*** Data under study ***

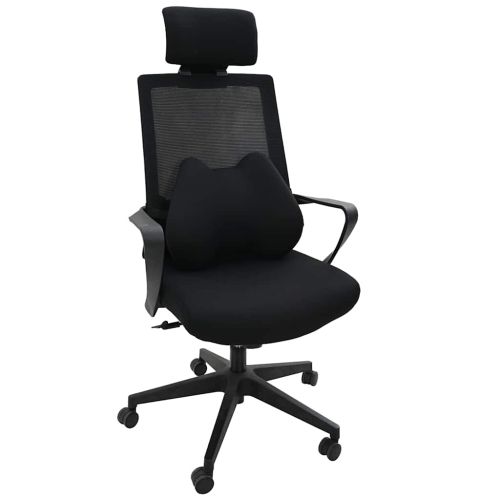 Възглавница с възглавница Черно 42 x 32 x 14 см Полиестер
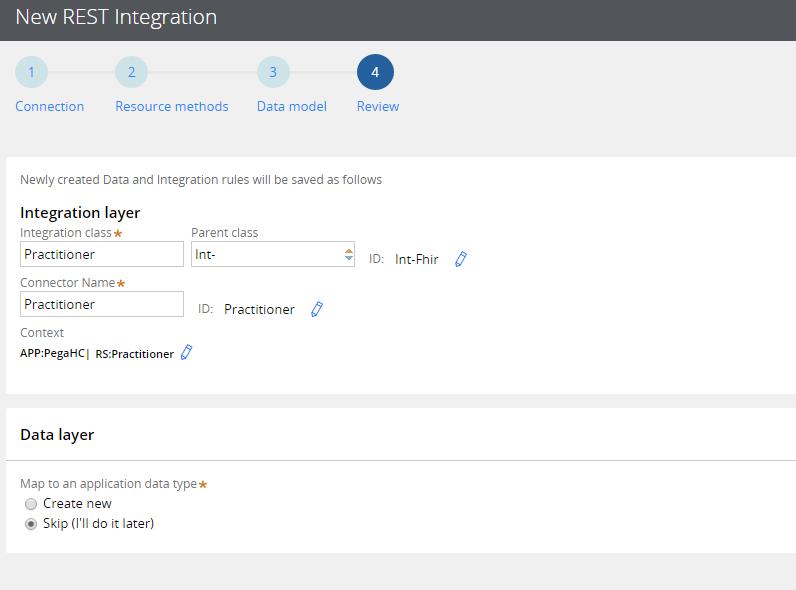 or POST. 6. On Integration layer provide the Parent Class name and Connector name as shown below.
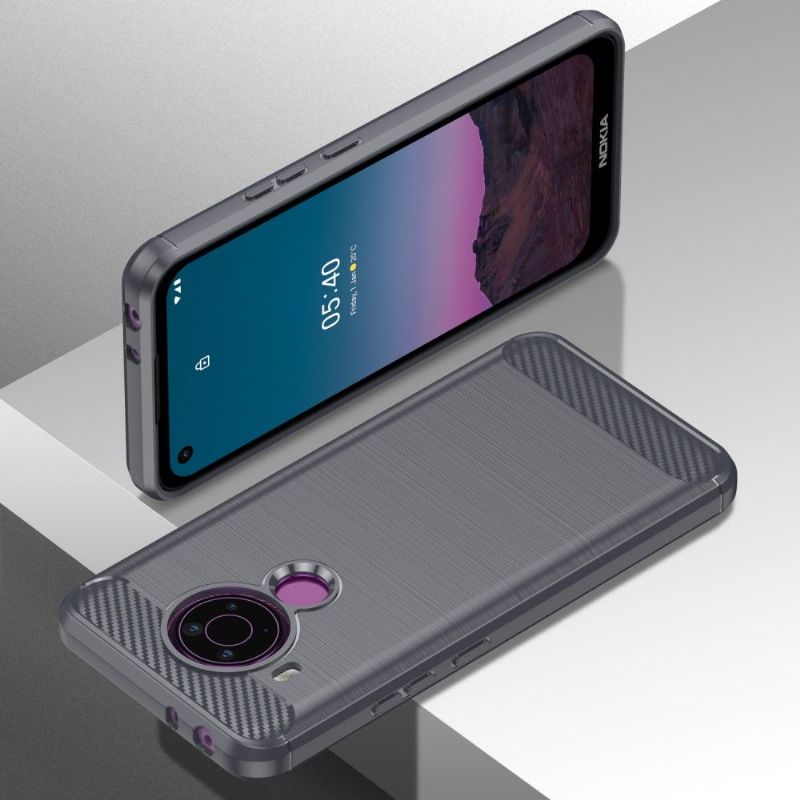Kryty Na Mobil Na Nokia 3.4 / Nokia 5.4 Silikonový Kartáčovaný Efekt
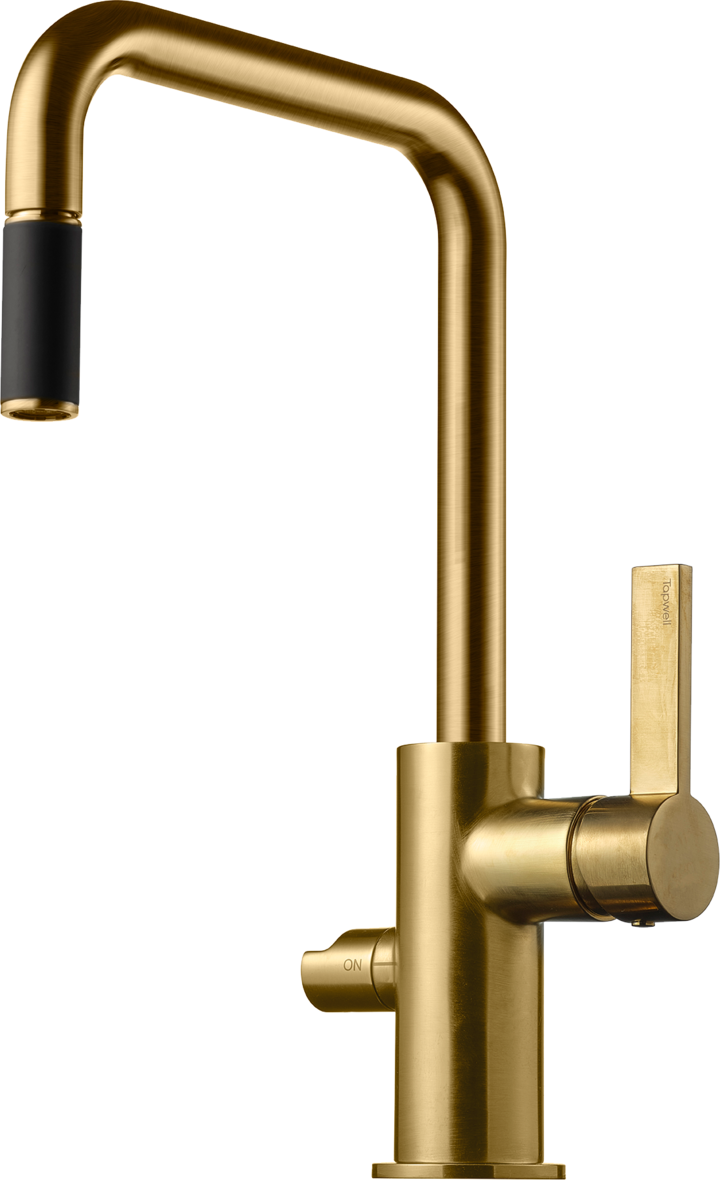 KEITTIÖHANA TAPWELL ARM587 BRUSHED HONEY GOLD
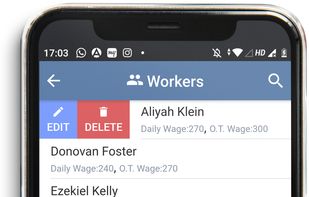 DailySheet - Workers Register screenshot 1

*** End of Data under study ***

Description of the task: Print, word for word, every entry shown above; the pictures stay out.

Task answer:
 Възглавница с възглавница Черно 42 x 32 x 14 см Полиестер
 or POST. 6. On Integration layer provide the Parent Class name and Connector name as shown below.
Kryty Na Mobil Na Nokia 3.4 / Nokia 5.4 Silikonový Kartáčovaný Efekt
 KEITTIÖHANA TAPWELL ARM587 BRUSHED HONEY GOLD
 DailySheet - Workers Register screenshot 1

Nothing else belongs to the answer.